:: WHAT THIS TASK INVOLVES ::
In the records below, the relevant part opens with the line containing "Lenovo ThinkVision T22i-30" and closes with the line containing "Eugene Sergeantin itäarmee, joka"; print that part exactly and only, without its pictures.

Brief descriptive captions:
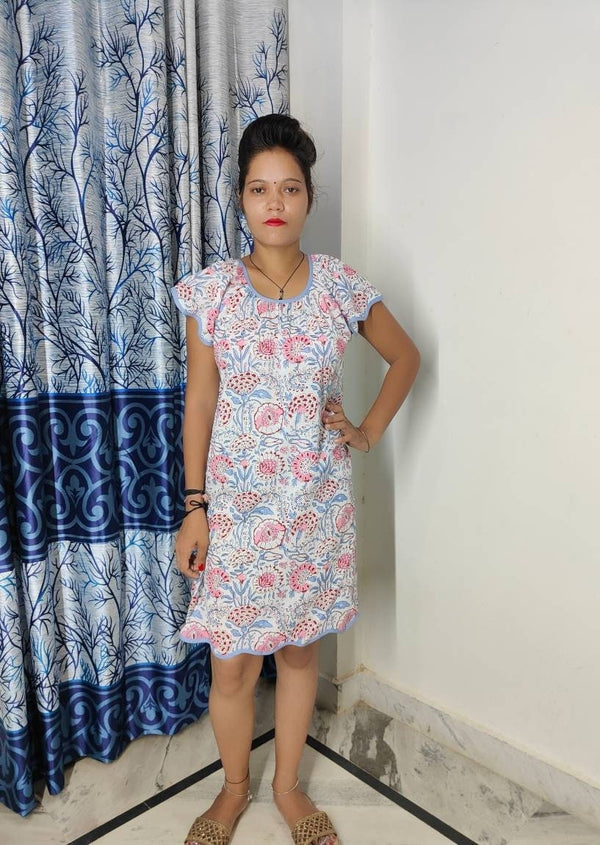 Hand Block Printed Dress, pink Flower Indian Tunics, Hand Printed Dress, Indian Cotton short dress, Indian Cotton Dress, Printed Dress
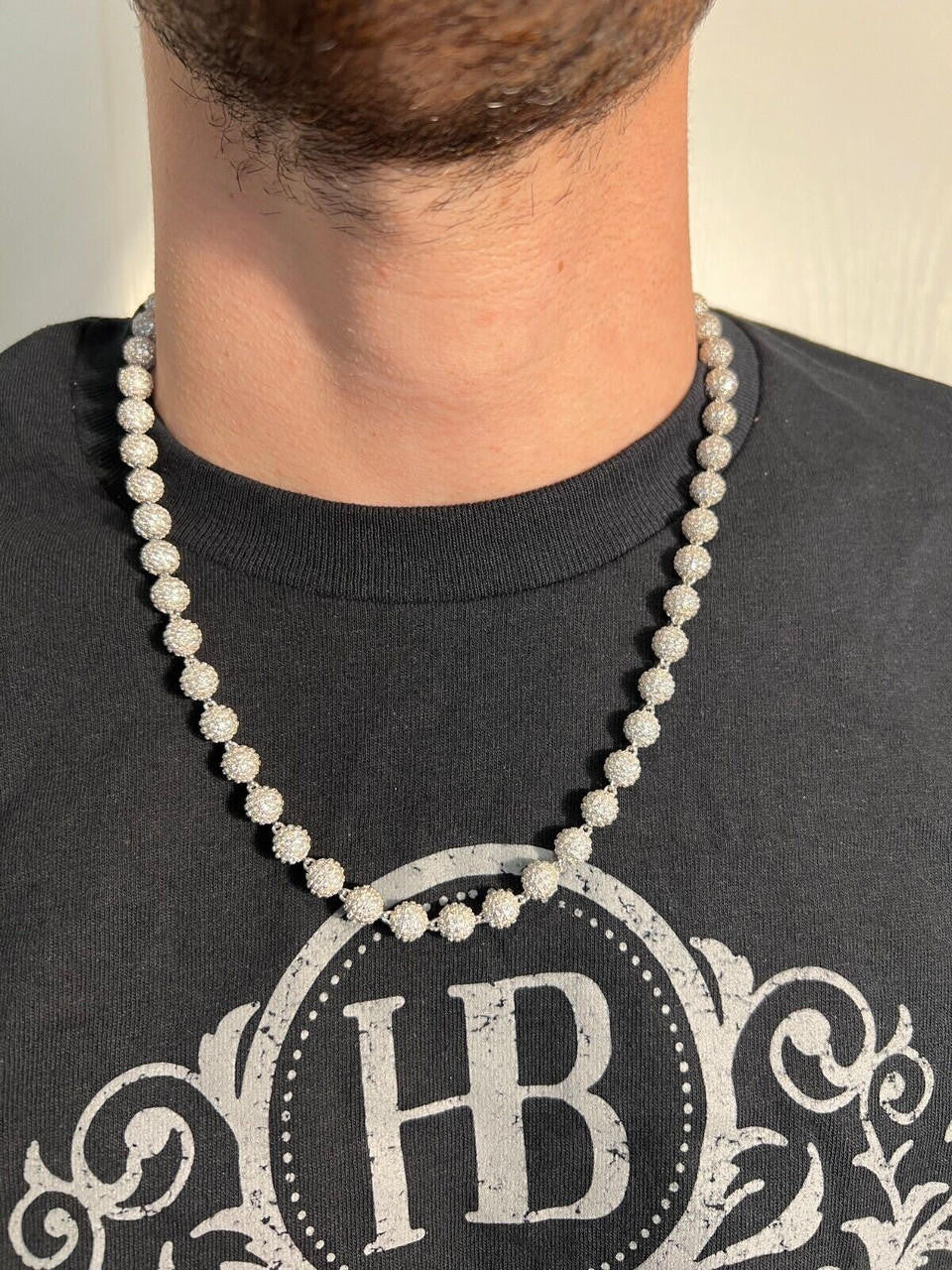 HarlemBling Moissanite Iced 925 Silver Moon Ball Disco Chain Necklace Passes Diamond Tester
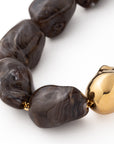 Big Organic Pearl Necklace with gold dark brown marble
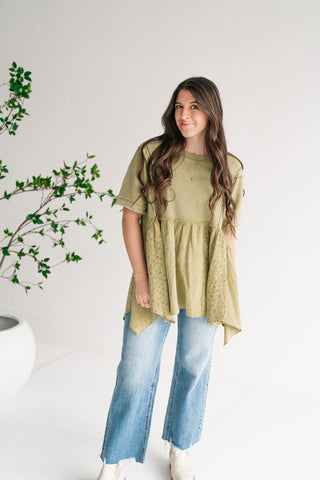 Calm Days Textured Babydoll Top - Sage Mist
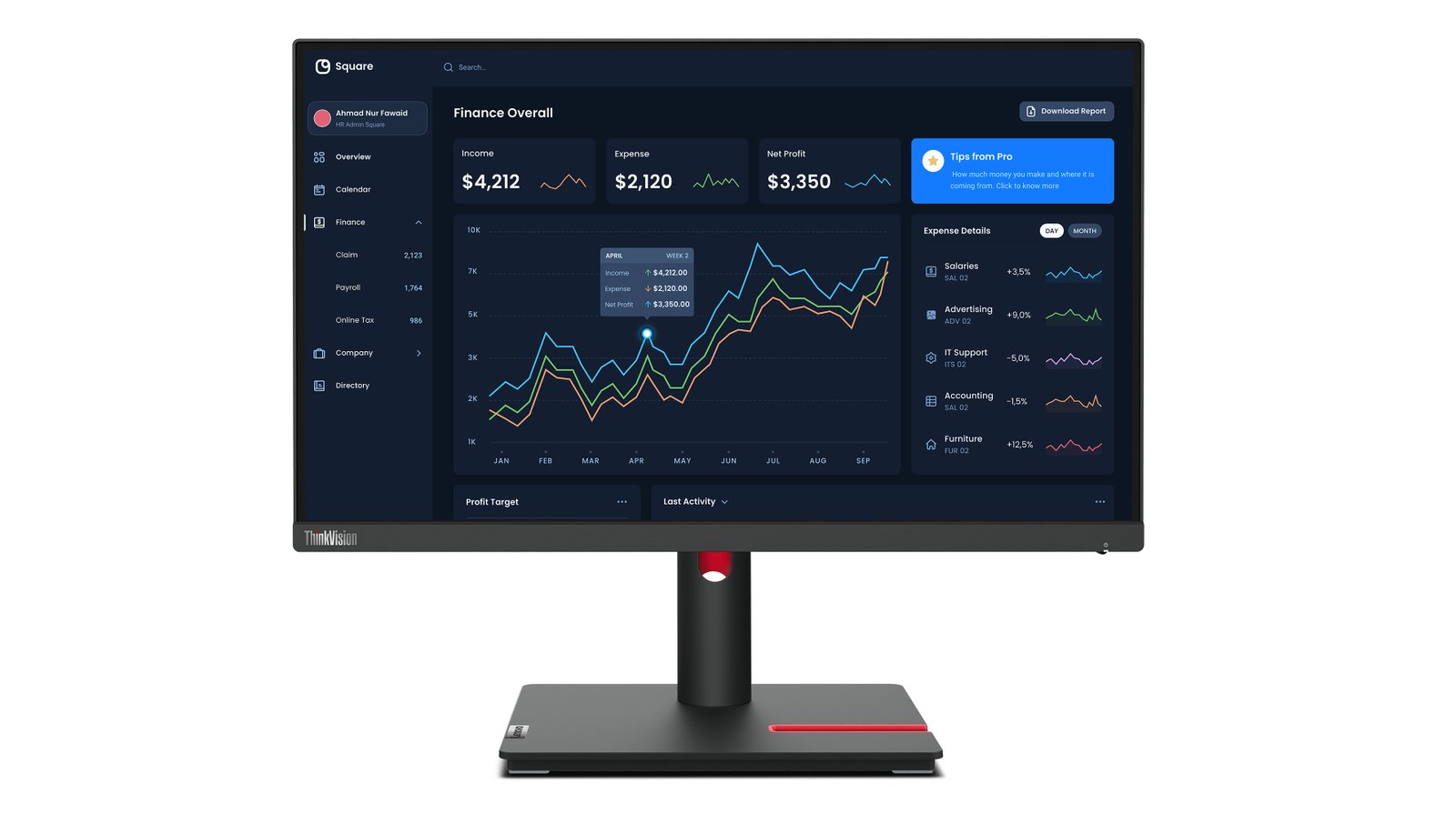 Lenovo ThinkVision T22i-30 Monitor 63B0MAT6UZ
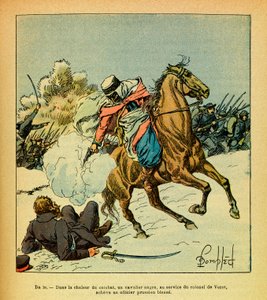 Eugene Sergeantin itäarmee, joka tunnetaan nimellä Grenest, kuvannut Louis Bombled (1862-1927) (Ranskan ja Saksan sota; kampanja 1870 -1871): Tammikuu 1871, eversti De Vezetin palveluksessa oleva musta ratsastaja täydentää preussilaisen upseerin. haavoittu tekijältä Louis Charles Bombled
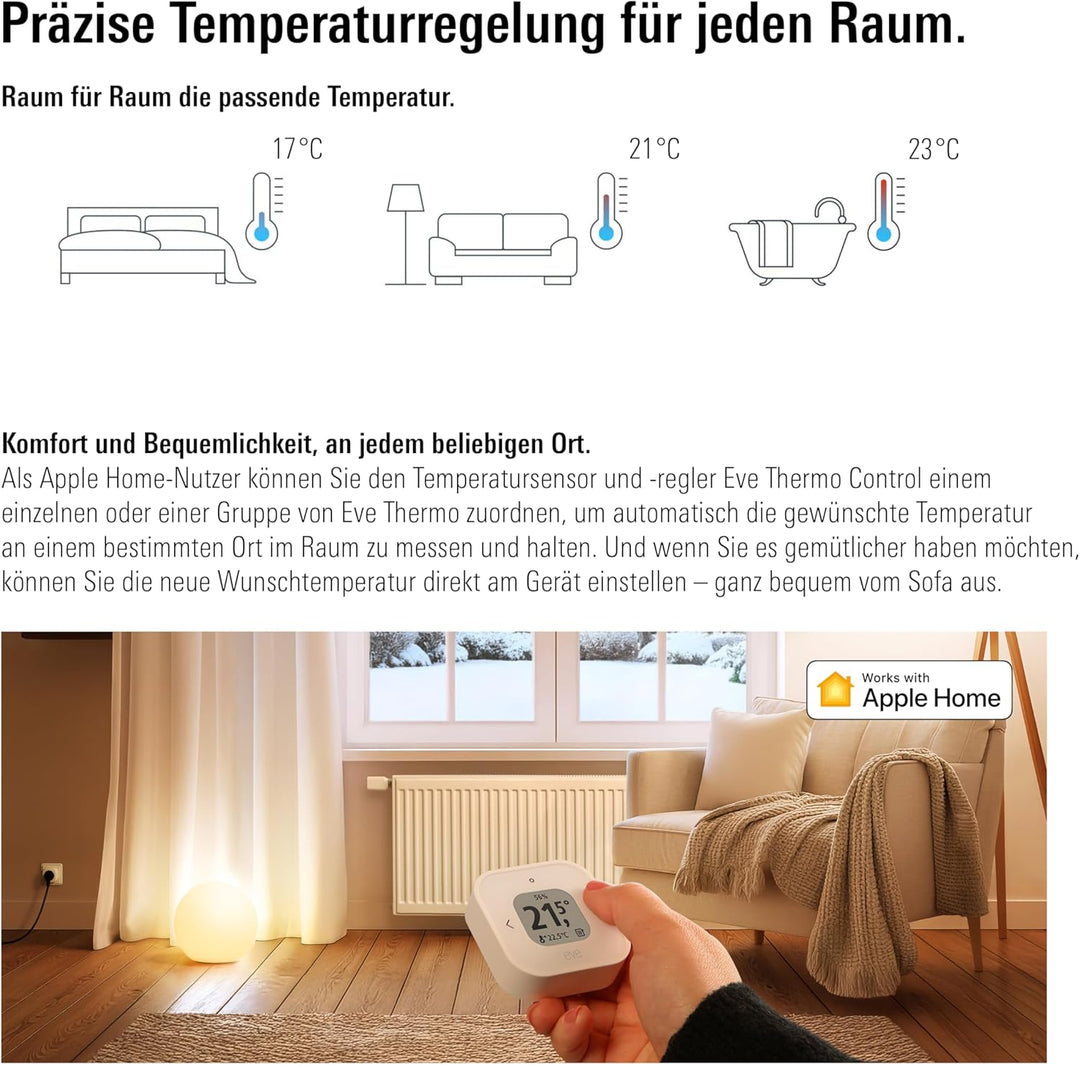 Eve Thermo (Matter, 5. Gen.): Smartes Heizkörperthermostat, Heizkosten sparen, funktioniert mit Alex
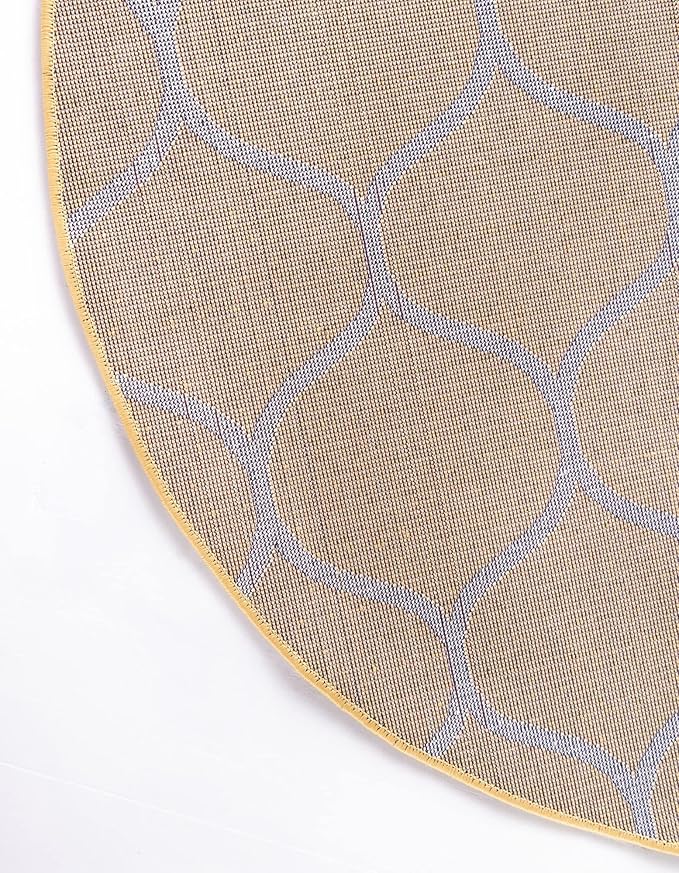 Rugs.com Lattice Frieze Collection Rug – 3' Round Yellow Medium Rug Perfect for Kitchens, Dining Rooms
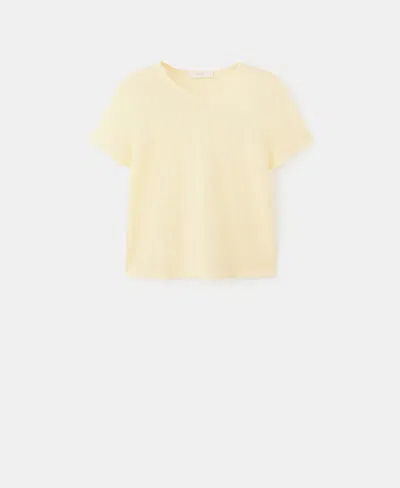 Mango Women's Pastel Linen Blend Short-sleeve T-shirt In Yellow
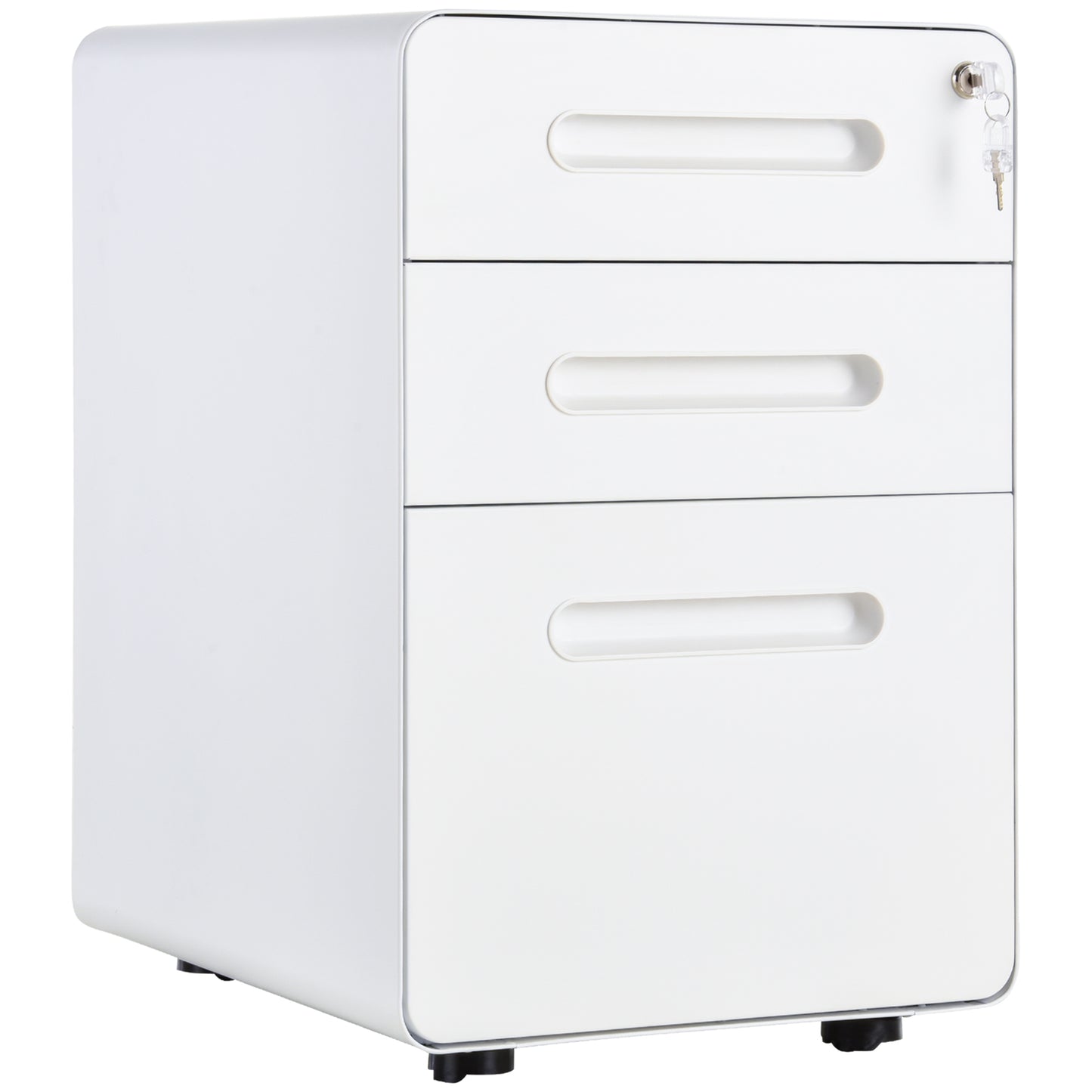Lockable File Cabinet with 3 Drawers, Vertical Office Drawer for A4, Letter, Legal Size, Anti-tilt Design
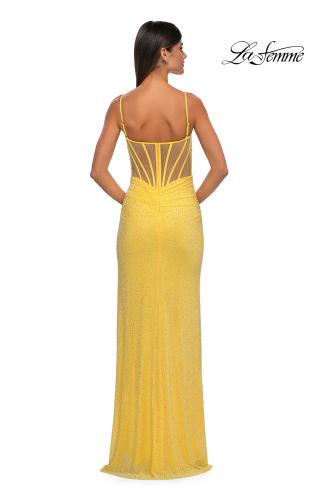 Picture of: Sparkling Long Prom Dress with Rhinestones and Ruching in Yellow , Style: 32578, Detail Picture 6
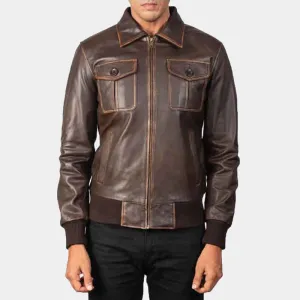 Buy Best Style Aaron Brown Leather Bomber Jacket For Men's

:: SOLVED EXERCISE ::
 Lenovo ThinkVision T22i-30 Monitor 63B0MAT6UZ
 Eugene Sergeantin itäarmee, joka tunnetaan nimellä Grenest, kuvannut Louis Bombled (1862-1927) (Ranskan ja Saksan sota; kampanja 1870 -1871): Tammikuu 1871, eversti De Vezetin palveluksessa oleva musta ratsastaja täydentää preussilaisen upseerin. haavoittu tekijältä Louis Charles Bombled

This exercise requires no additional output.